Les quelques pages réunies sous le titre « La cage d’acier du capitalisme moderne » proposent une sorte de vue d’ensemble historique d’une clarté sans faille sur les processus qui ont permis l’émergence de la société capitaliste. Le capitalisme est issu d’un ensemble de contradictions qui ne le condamnent pas d’emblée, mais lui donne, d’abord, sa force ; par exemple, il a tiré profit des acquis de la science qui supposait pourtant, pour naître, un état d’esprit désintéressé ; il a annexé le puritanisme religieux protestant économe pour justifier son désir insatiable d’accumulation... Le capitalisme n’a pas son pareil lorsqu’il s’agit de mobiliser la vertu pour nourrir le vice. A partir de cette contradiction initiale, s’explique assez bien d’une part que les forces de la vie travaillent en réalité pour la mort, et d’autre part, comme le faisait remarquer Cornélius Castoriadis avant Denis Collin, que les vertus de l’ancien monde, pourtant essentielles au fonctionnement du capitalisme, soient menacées d’extinction par les progrès mêmes d’un capitalisme que nous voyons s’épanouir désormais sous sa forme « pure » Ce qui menace alors, c’est moins la disparition du capitalisme, que de ce que nous nommons la civilisation. L’alternative est toujours, comme l’avait bien exprimé Rosa Luxembourg à l’orée du sanglant XXème siècle : socialisme ou barbarie.
Ici aussi, il faut le noter, c’est bien une nécessité qui est à l’oeuvre, encore que sa forme d’apparition, comme toujours lorsqu’il s’agit d’une réalité social-historique, soit dialectique, c’est à dire enveloppe l’unité des contraires.

4. Socialisme et barbarie

Rosa Luxembourg avait posé l’alternative : soit le socialisme, soit la barbarie. Or au XXème siècle, les régimes politiques qui se réclameront du socialisme, après la révolution russe d’octobre 17, conjugueront le socialisme et la barbarie.

Il ne s’agit pas de nier la catastrophe. Le bilan de l’ex-URSS n’a rien de positif, même envisagé « globalement », pour reprendre une expression malheureuse de feu l’ancien secrétaire général du PCF, Georges Marchais.
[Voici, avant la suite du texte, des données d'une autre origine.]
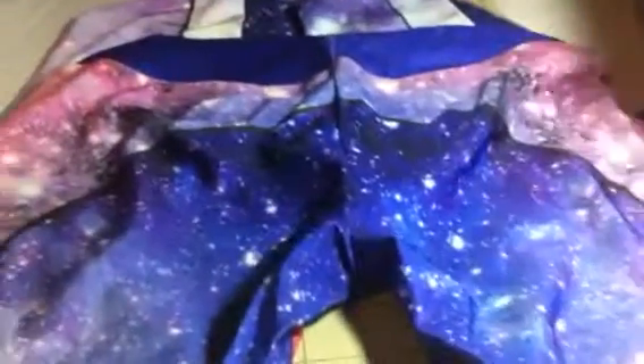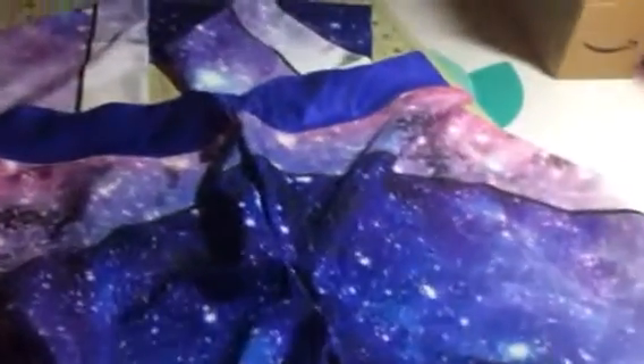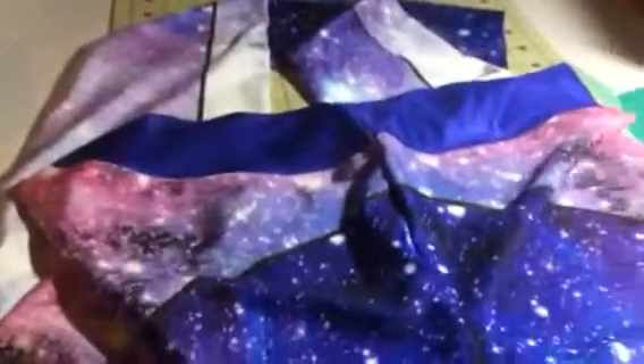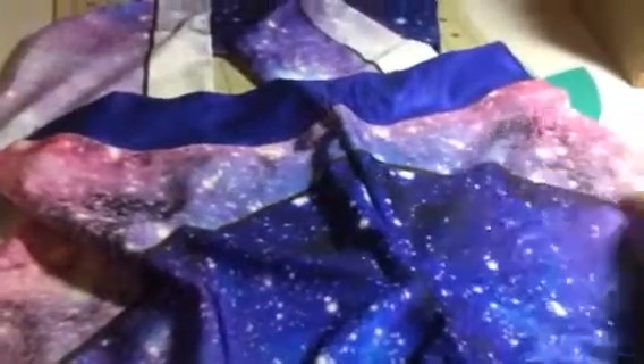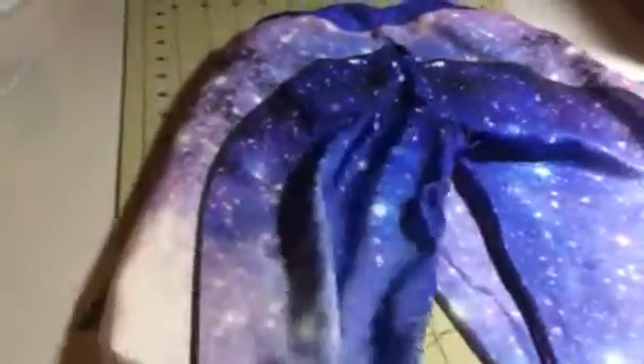Hey everybody, it's Bethany from Soupsakes Diva. Today I'm reviewing this great pair of workout pants from Lover Beauty. These are really cute. It has kind of like a galaxy type scene on them. It has these dark heavy lines that go all throughout the pant, and these cute blue and pink and purple stars and galaxy.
Après la collectivisation et le lancement du plan quinquennal, « ce qui était une tyrannie assez ordinaire (hélas !) devient un des pires régimes qu’ait connu l’humanité ... Avant cette date, les camps de déportations existaient déjà ... avec le régime stalinien, ils vont prendre une ampleur nouvelle et se transformeront même parfois en camps d’extermination massive ... Le régime stalinien, qui ressemble comme deux gouttes d’eau au régime nazi, est donc avant tout un régime de terreur et de guerre civile permanente. [16] »
Faut-il pourtant imputer aux bolcheviks la paternité et la responsabilité de toutes les horreurs du XXème siècle ? Selon l’historien allemand E. Nolte, la révolution russe aurait été la matrice des « totalitarismes » staliniens et nazis. Denis Collin combat vigoureusement cette thèse, qu’il qualifie de « révisionniste » : « le destin du XXème siècle, le déchaînement inouï de la cruauté auquel il a été donné d’assister, ne sont pas des conséquences de l’action des bolcheviks  » Dans la chaine des causalités, il faut remonter plus loin, à la guerre de 14 : « Les près de 10 millions de morts ( dont 1,7 millions de Russes) qu’a causés cette guerre sont l’entrée directe et fracassante dans la sauvagerie moderne. Le nazisme eut été impossible politiquement et psychologiquement sans cet entraînement au pire dont la responsabilité directe et totale incombe au capitalisme libéral (on mettra sans difficulté l’Allemagne impériale dans cette catégorie)  [17] »
Ceci étant posé, on ne peut que constater que « là ou le capitalisme a été renversé au cours du XXème siècle, la classe ouvrière a été rapidement expulsée de la direction des affaires politiques (cas russe), soit n’a joué aucun rôle réel (tous les autres cas) »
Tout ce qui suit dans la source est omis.